Home  /  Resources & support  /  FAQs  /  Estimation commands and omitted variables

Why do estimation commands sometimes omit variables?

Title   Estimation commands and omitted variables
Author James Hardin, StataCorp

When you run a regression (or other estimation command) and the estimation routine omits a variable, it does so because of a dependency among the independent variables in the proposed model. You can identify this dependency by running a regression where you specify the omitted variable as the dependent variable and the remaining variables as the independent variables. Below we generate a dependency on purpose to illustrate:

. sysuse auto
(1978 automobile data)

. generate newvar = price + 2.4*weight - 1.2*displ

.  regress trunk price weight mpg foreign newvar displ
note: weight omitted because of collinearity.

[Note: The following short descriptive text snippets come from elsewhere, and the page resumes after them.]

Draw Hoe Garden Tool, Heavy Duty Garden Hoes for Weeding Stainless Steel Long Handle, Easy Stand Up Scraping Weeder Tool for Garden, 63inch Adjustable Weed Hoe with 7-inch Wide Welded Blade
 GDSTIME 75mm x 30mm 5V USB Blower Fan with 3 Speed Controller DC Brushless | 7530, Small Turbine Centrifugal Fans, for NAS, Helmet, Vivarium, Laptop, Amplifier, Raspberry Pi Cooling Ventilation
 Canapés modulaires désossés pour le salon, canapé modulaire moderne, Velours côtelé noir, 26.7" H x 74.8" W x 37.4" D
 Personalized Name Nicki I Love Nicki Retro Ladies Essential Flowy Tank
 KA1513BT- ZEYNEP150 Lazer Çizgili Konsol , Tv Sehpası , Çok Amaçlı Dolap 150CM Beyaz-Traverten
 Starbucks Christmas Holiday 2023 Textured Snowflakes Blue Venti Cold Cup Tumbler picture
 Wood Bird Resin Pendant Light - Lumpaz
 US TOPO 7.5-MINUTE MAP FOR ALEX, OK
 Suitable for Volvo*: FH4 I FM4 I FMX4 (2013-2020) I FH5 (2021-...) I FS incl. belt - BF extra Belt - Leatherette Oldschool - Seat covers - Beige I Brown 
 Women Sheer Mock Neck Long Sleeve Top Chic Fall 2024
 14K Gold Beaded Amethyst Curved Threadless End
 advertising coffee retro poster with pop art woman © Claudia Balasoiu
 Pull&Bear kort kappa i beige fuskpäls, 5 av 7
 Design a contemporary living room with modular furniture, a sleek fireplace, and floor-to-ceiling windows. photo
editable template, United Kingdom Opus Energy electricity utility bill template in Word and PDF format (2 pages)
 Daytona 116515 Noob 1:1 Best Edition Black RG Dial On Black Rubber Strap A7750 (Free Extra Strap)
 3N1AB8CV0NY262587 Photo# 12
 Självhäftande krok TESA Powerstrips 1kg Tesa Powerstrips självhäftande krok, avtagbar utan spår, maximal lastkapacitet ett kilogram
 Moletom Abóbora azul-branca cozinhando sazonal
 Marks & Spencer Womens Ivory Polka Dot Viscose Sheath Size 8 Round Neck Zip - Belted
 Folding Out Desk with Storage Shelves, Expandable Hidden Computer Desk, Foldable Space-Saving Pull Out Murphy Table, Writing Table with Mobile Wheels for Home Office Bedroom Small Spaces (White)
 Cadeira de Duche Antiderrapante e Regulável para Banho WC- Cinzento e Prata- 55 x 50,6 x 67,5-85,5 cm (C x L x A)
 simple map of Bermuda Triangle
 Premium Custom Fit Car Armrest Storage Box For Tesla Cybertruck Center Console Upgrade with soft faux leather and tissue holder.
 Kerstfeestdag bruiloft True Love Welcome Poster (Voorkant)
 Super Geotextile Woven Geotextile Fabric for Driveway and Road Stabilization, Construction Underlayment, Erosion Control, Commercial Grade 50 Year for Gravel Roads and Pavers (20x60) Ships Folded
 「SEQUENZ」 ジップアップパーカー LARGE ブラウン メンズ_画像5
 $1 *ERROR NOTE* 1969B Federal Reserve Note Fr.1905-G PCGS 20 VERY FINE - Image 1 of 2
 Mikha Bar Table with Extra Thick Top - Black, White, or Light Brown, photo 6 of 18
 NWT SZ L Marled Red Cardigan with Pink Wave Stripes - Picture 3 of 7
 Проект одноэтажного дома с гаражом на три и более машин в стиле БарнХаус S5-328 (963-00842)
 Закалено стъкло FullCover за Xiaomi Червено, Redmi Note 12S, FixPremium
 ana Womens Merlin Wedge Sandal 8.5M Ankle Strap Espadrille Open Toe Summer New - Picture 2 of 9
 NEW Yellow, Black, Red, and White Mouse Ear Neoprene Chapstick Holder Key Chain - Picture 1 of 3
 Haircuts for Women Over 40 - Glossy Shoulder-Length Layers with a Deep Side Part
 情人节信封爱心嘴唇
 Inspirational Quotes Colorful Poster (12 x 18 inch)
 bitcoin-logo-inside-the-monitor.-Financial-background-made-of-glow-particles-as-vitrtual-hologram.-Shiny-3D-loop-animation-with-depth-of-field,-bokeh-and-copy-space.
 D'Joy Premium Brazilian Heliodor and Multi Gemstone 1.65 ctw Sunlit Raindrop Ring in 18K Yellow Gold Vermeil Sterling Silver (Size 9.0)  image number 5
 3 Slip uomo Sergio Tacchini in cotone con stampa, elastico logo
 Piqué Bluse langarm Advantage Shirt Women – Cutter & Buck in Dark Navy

Source SS df MS Number of obs = 74
F(5, 68) = 12.03
Model 626.913967 5 125.382793 Prob > F = 0.0000
Residual 708.707655 68 10.4221714 R-squared = 0.4694
Adj R-squared = 0.4304
Total 1335.62162 73 18.2961866 Root MSE = 3.2283
trunk Coefficient Std. err. t P>|t| [95% conf. interval]
price -.0017329 .0006706 -2.58 0.012 -.0030711 -.0003947
weight 0 (omitted)
mpg -.0709254 .1125374 -0.63 0.531 -.2954903 .1536395
foreign 1.374419 1.287406 1.07 0.289 -1.194561 3.943399
newvar .0015145 .0005881 2.58 0.012 .0003411 .002688
displacement .007182 .0092692 0.77 0.441 -.0113143 .0256783
_cons 4.170958 5.277511 0.79 0.432 -6.360151 14.70207

The regression omitted one of the variables that was in the dependency that we created. Which variable it omits is somewhat arbitrary, but it will always omit one of the variables in the dependency. To find out what that dependency is, we can run the regression using the omitted variable as our dependent variable and the remaining independent variables from the original regression as the independent variables in this regression.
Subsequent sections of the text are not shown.